▶ _Input_
+--
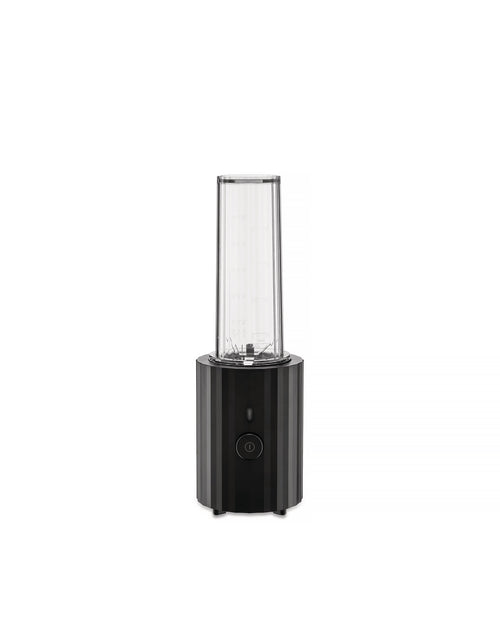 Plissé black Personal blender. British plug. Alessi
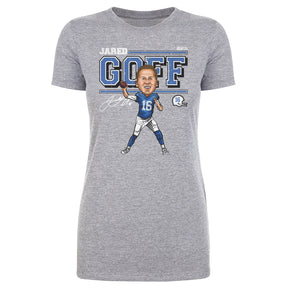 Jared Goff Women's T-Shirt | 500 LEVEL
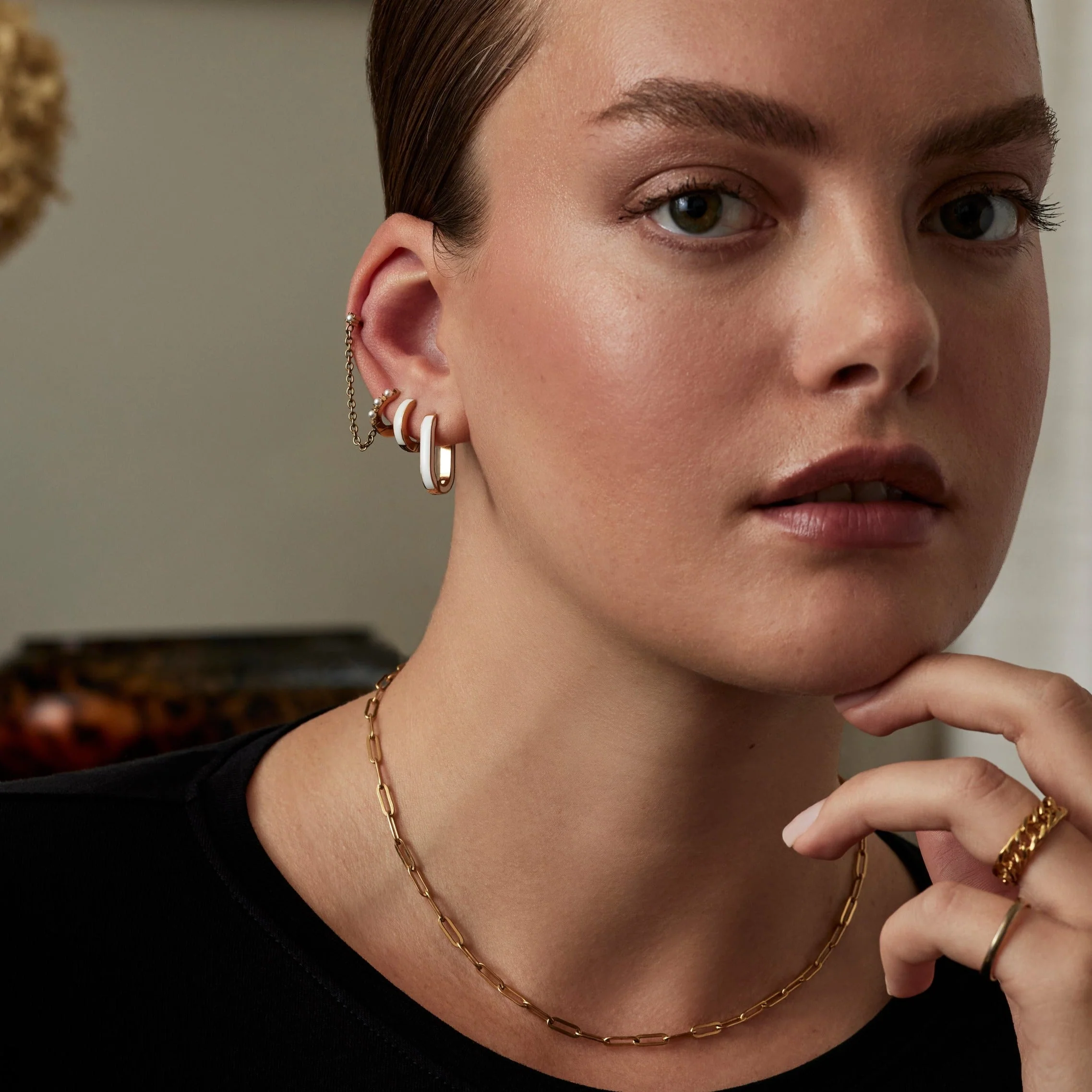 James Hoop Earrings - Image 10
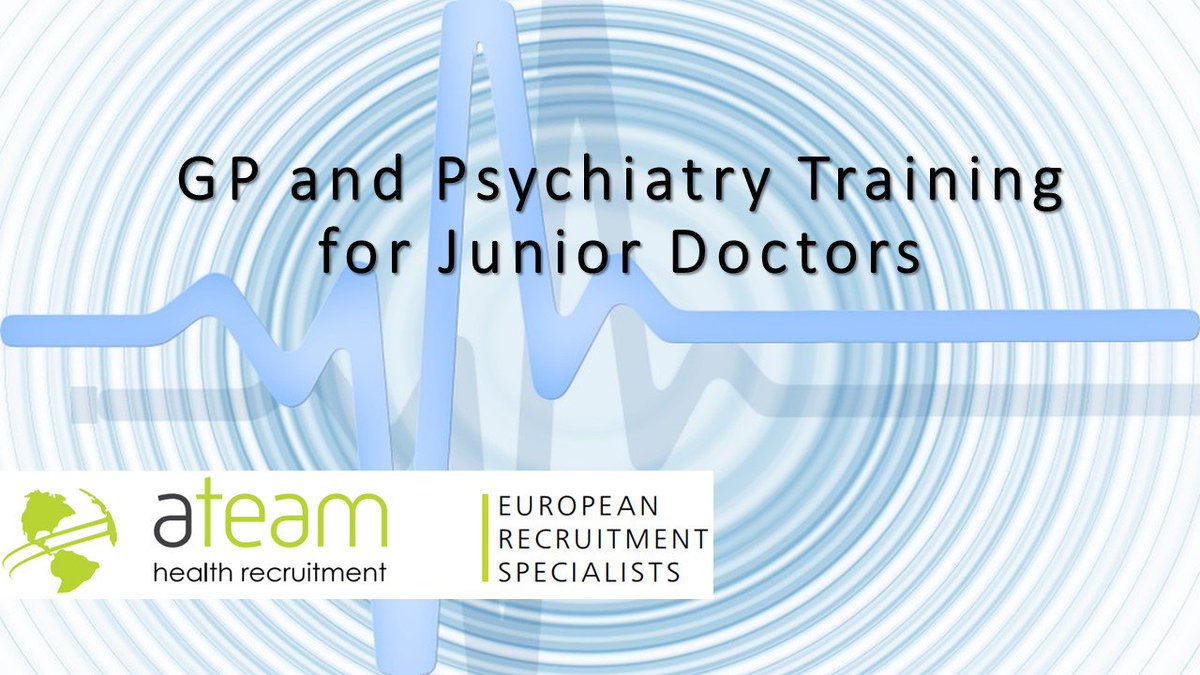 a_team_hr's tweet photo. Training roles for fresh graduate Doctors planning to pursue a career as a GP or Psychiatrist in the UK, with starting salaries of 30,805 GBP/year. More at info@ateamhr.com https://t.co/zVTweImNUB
+--
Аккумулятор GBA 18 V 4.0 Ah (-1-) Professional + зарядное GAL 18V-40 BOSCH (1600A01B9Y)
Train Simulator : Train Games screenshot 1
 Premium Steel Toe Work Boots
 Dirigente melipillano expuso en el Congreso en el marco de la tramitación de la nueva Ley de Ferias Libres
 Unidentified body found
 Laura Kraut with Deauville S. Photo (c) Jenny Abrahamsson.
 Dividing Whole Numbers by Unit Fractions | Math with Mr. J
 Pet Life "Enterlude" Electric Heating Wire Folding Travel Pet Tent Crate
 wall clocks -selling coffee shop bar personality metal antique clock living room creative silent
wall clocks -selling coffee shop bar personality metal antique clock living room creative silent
+--
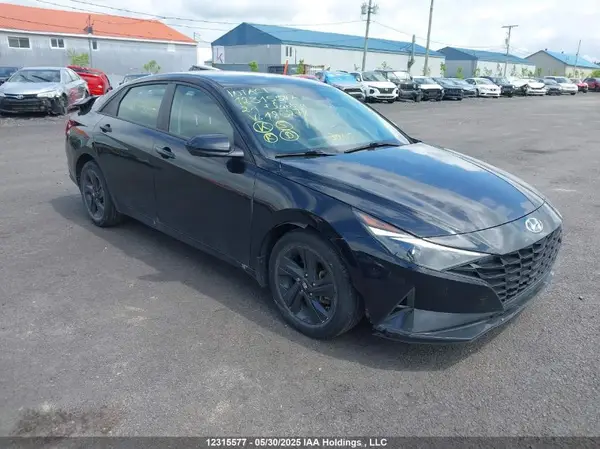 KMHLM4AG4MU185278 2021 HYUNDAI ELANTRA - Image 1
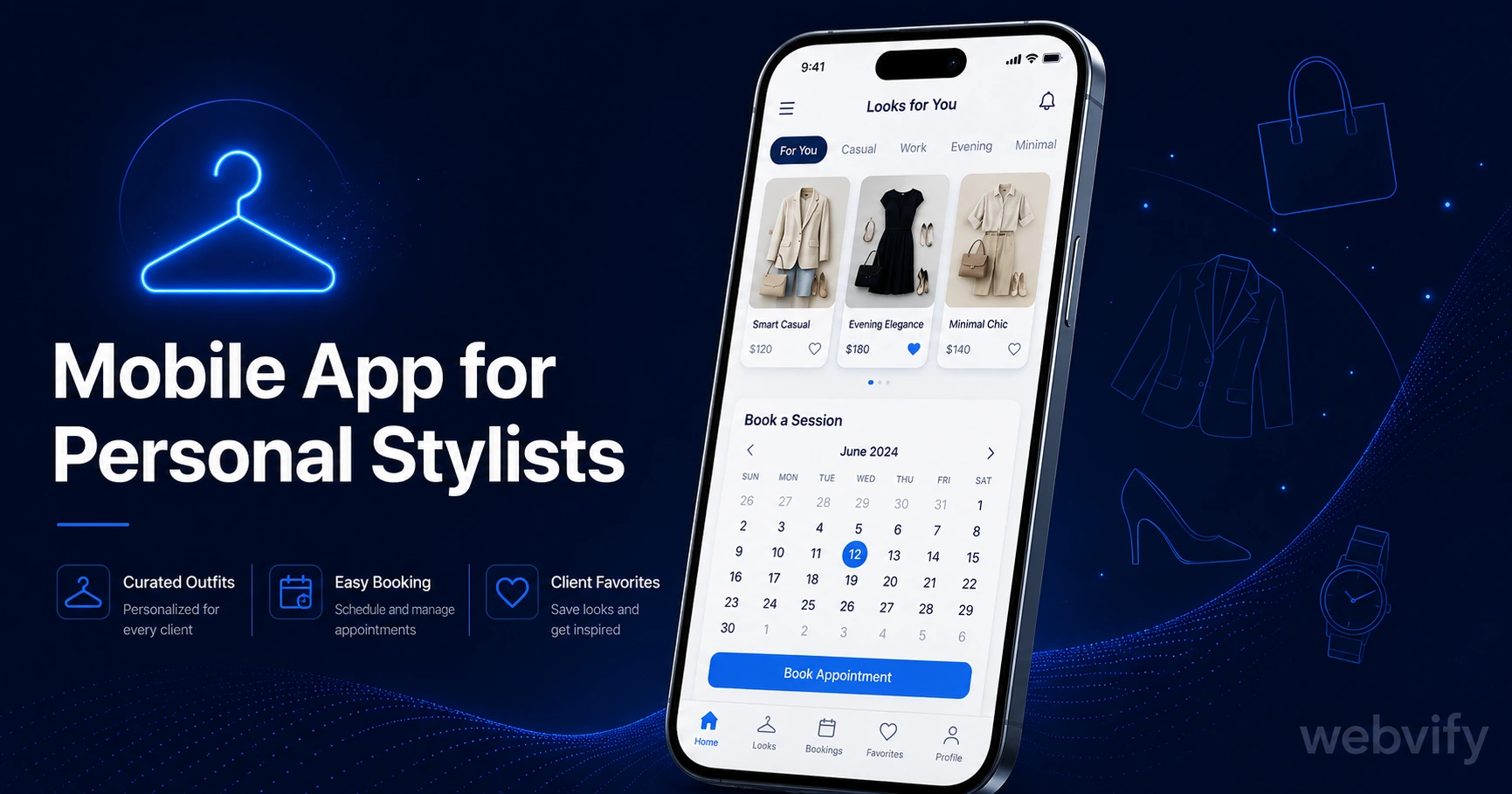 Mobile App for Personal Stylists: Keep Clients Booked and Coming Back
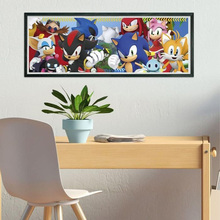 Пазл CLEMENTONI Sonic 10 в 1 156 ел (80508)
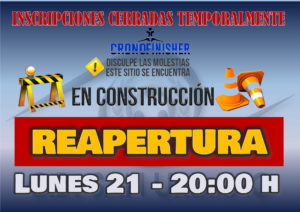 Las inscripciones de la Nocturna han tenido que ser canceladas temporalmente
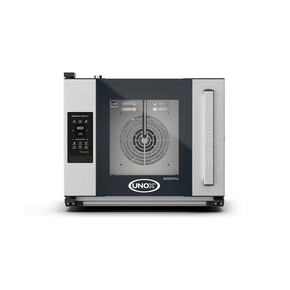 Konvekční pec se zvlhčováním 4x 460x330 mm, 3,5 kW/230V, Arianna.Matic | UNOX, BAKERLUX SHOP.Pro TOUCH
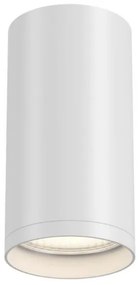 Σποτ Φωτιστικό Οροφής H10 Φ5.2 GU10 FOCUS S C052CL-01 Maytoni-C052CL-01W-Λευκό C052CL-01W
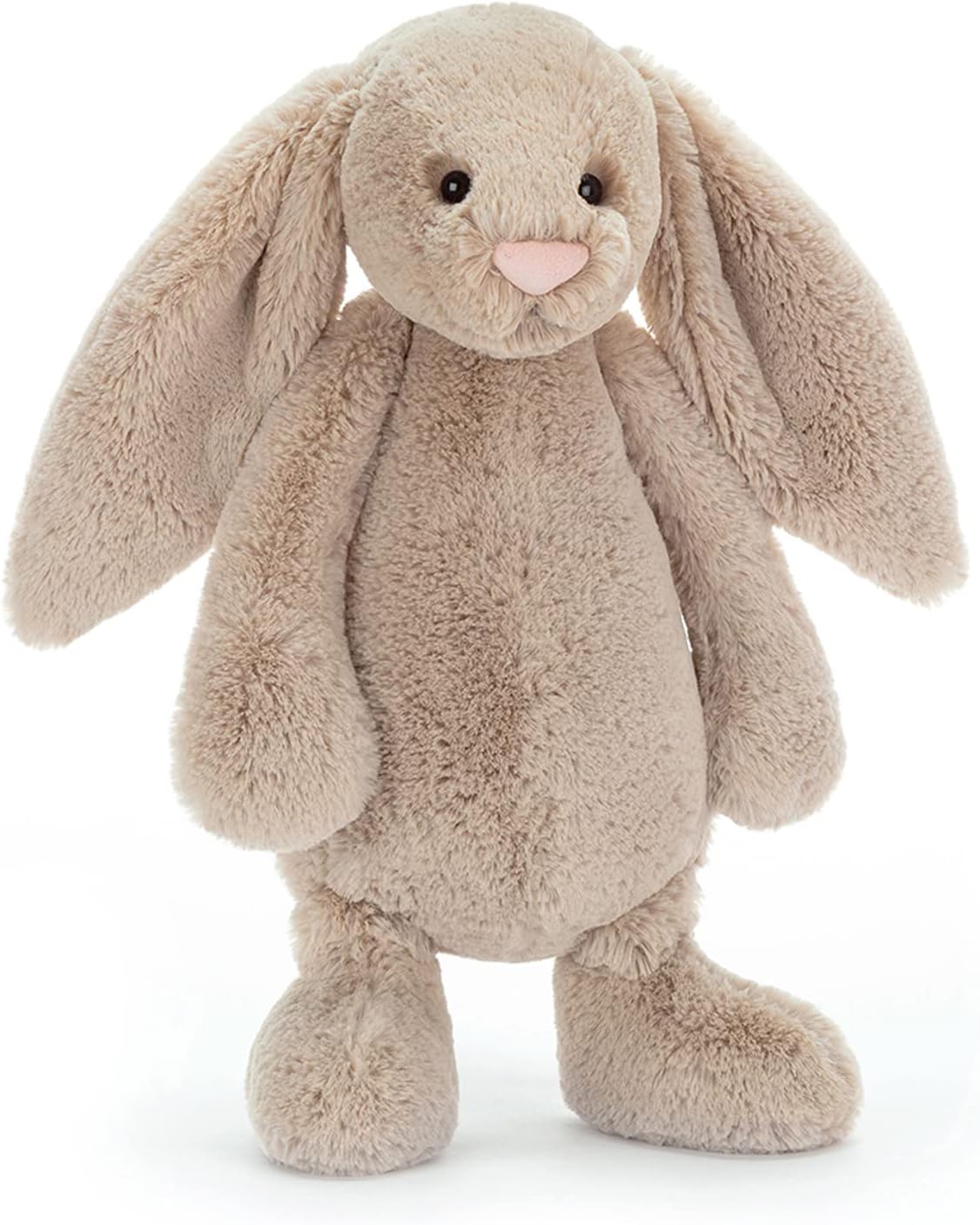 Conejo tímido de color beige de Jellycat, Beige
+--
Copy exactly the lines of the listing above between the one holding "James Hoop Earrings - Image 10" and the one holding "a_team_hr's tweet photo.", inclusive; omit all pictures.

▶ _Result_
 James Hoop Earrings - Image 10
 a_team_hr's tweet photo. Training roles for fresh graduate Doctors planning to pursue a career as a GP or Psychiatrist in the UK, with starting salaries of 30,805 GBP/year. More at info@ateamhr.com https://t.co/zVTweImNUB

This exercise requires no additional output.